I like this feeling before I start to write a book - a sort of excitement (and also a small amount of fear) as I contemplate the blank page or screen. I have often heard other writers say their book is like their child. If that is so then I guess this is the anticipation of birth. Sometimes I think I can feel it fluttering a little inside my head the way Hodmandod Minor's and Major's feet and hands flailed out and my skin transiently stretched to take their shape - a vague brief outline.
Then, when they born, they were perfect (or so it appeared to me) - unscarred by the sharp edges of the world - and all things seemed possible. And so it is with this book which resides only in my mind. It is perfect as any fond dream can be.

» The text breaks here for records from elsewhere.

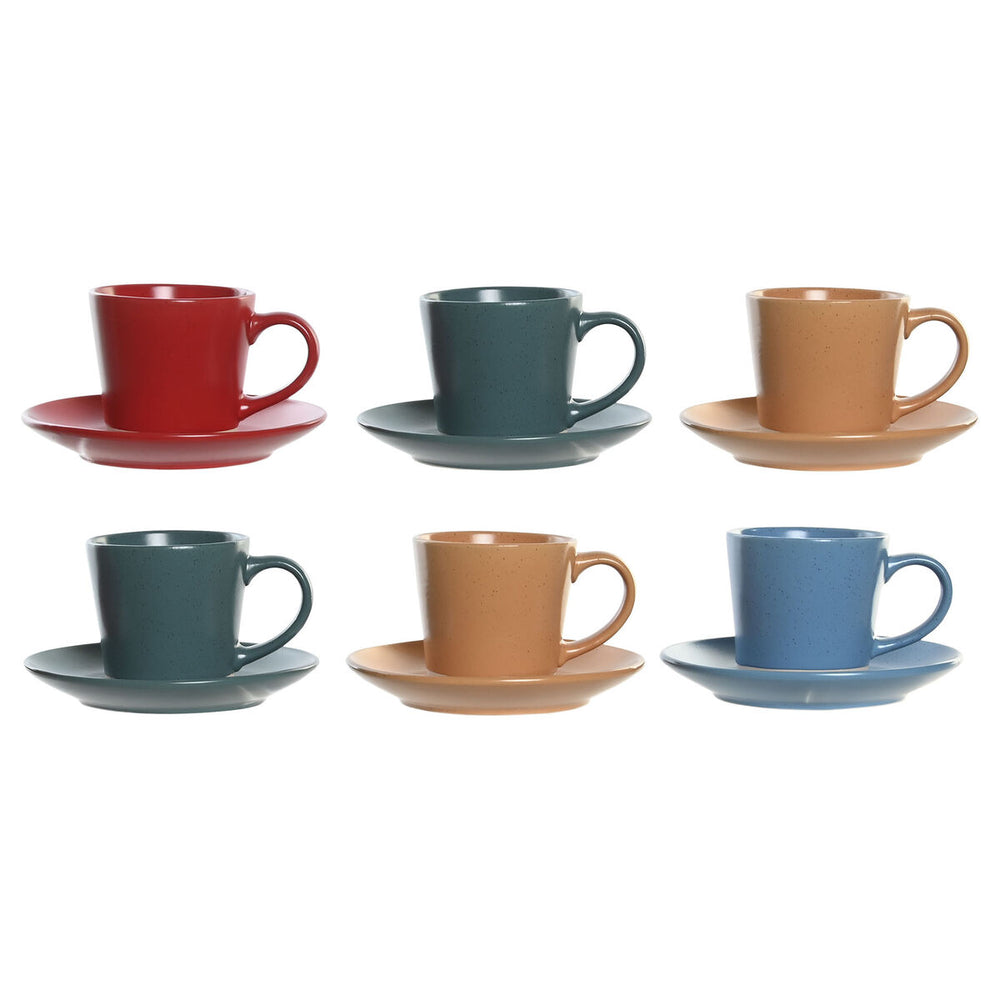 Set of Mugs with Saucers DKD Home Decor Red Blue Green Yellow Stoneware 180 ml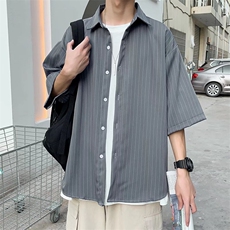 日系复古竖条纹衬衫男2023夏季ins港风垂感小众翻领衬衣W2630-P31，男装衬衫，星座412-3
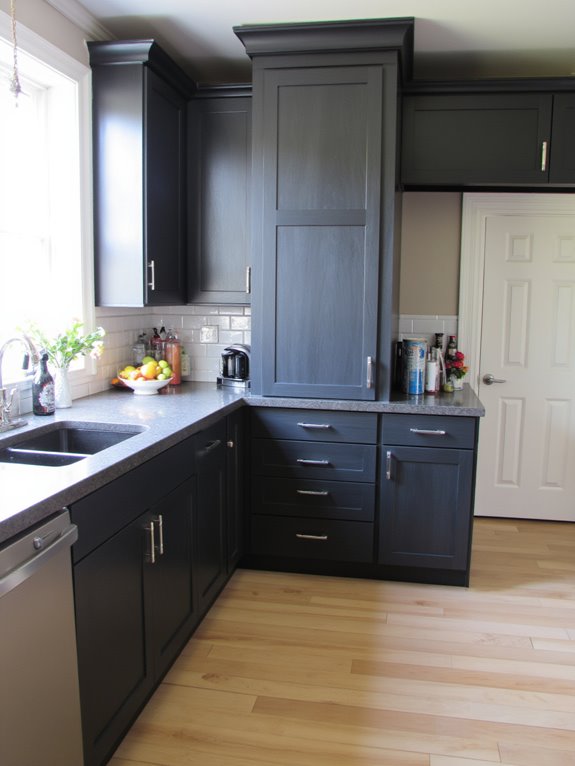 bold charcoal cabinets contrast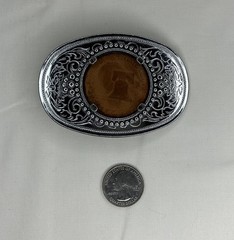 Oval Belt Buckle Filigree Liberty Bell Leather Inlay Western Ranch Americana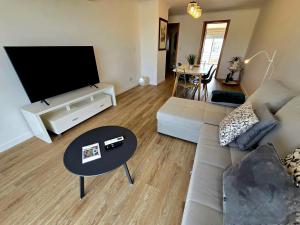 a living room with a couch and a flat screen tv at Paim Lodge in Ponta Delgada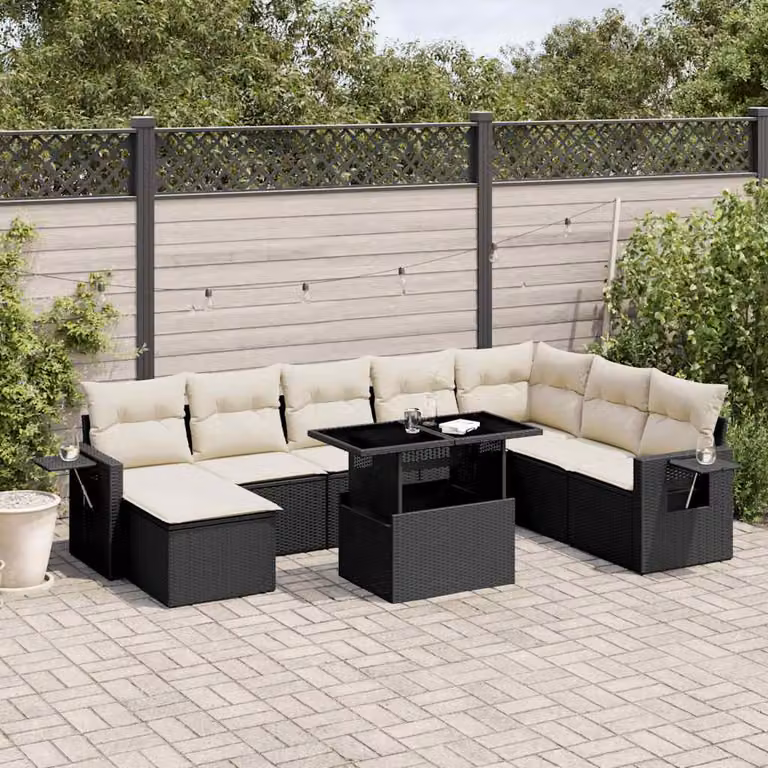 vidaXL Set Divani da Giardino a L in Polyrattan Nero con 8 Cuscini e Tavolino da Esterno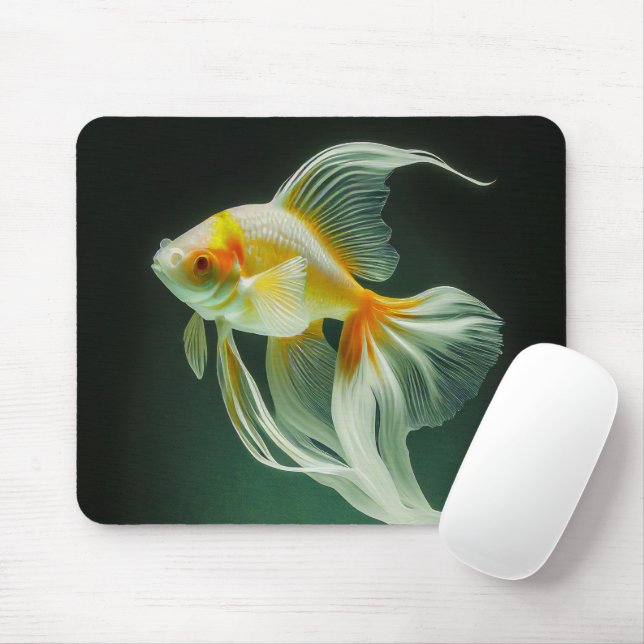 Tapis De Souris Simple élégance Goldfish Digital Artwork | (Avec souris)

However I was meaning to talk about wine and really I can't think of anything to say. Except it has the deep redness of oxygenated blood, and when I poured it into a glass it was so dark I could see myself reflected on its surface. It smelt just of wine, no berries, no fruit, just wine. I have not tasted it yet but since it is (i) mis en bouteille par Y.M. (ii) un grand vin de Boredeaux (iii) two years old, (iv) has a smart little crest on the bottle and on the label featuring a dragon (which looks much like a Welsh one to me) and (v) has a really excellent name (albeit spelt wrongly) I am optimistic.